View Full Version : Nervous about a visit with a pal


strogirl
08-06-2006, 09:58 PM
Tomorrow I am visiting my pal that I have been writing the longest at Polunsky. I have been writing and visiting him for the past two years. About 9 months ago we started having issues. He was asking me to do so much for his case that it got to be so stressful on me. After repeated warnings of how stressing it was and that I couldn't do anything else at the time, I finally wrote him a nasty letter telling him that it had to stop or I was gone. He told me we would discuss it all in a visit. I visited him and instead of working it out he asked more favors of me. That was 7 months ago and I haven't seen him since. I didn't hear from him in over a month after that, and then it was once a month until May. We have been exchanging nasty letters since then. What ticked me off the most was when he wrote and told me I wasn't doing anything with my life. His birthday was not to long ago and he begged me to visit, I recieved the letter 4 days before his birthday and could not get out of work, I wrote and explained. The next letter I recieved from him was an envelope with every single picture I had ever sent him, with a note saying "If you can't even bother to see me on my birthday then we shouldn't be friends" Two weeks ago he wrote me asking to come visit him so we could end this friendship on good terms-that visit is tomorrow- I am so nervous. I haven't seen him since January and all of our letters have been rude and disrespectful to each other.

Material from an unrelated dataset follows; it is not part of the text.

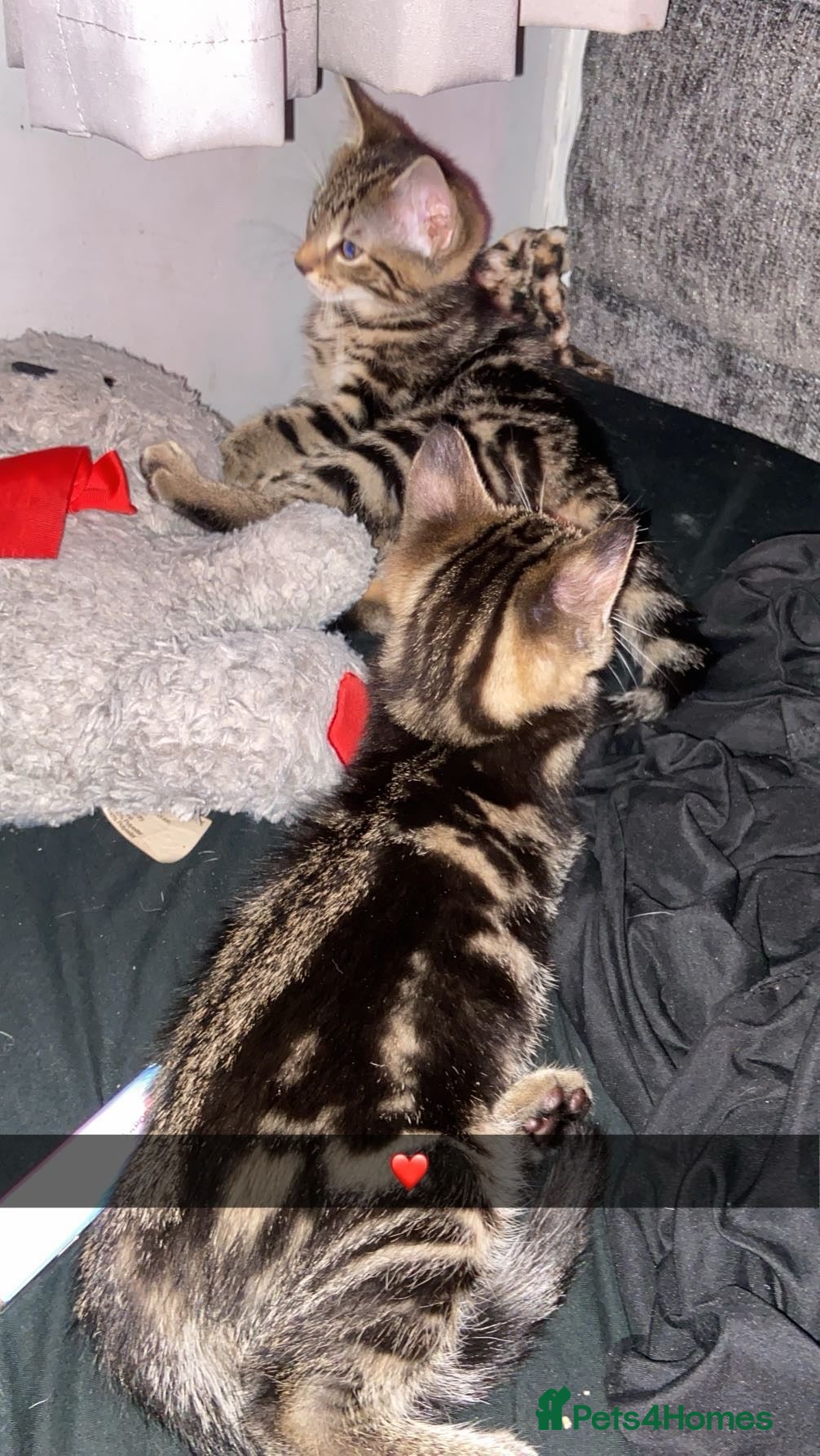 Mixed Breed cats Beautiful tabby and black and white kittens ready  - Advert 11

I don't even know what to say to him. I've already told myself that if he starts to get mad and disrepectful that I am going to leave then and there.
The only thing I am relaxed about is that I am visiting my close pal right after him.
Any advice? Thoughts?

Rachel
08-07-2006, 08:27 PM
OK, my two cents coming up........

A friendship should be based on one very important thing - whether the people involved are prisoners, Presidents or pig farmers - that thing is RESPECT.

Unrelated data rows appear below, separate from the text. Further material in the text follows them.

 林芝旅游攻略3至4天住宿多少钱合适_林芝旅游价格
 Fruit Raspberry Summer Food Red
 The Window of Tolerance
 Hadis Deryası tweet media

If , between the two of you, you can't reach a place in your friendship where mutual respect is prominent, then maybe this is not a positive environment for either of you.

Yes, his situation is very, very difficult; Yes, he is under extreme pressure; Yes, his emotional wellbeing is important - but, and this is a BIG but, no real friend puts such pressure on another.

Perhaps you both should redraw the boundaries of your relationship and see if you can move forward from there.

Either way, have a wonderful set of visits and let us know how you get on!

Rach x

Ness
08-08-2006, 02:09 AM
I hope that your visit goes well and that hopefully you and your friend might be able to come to some common ground and hopefullywill still be able to stay friends.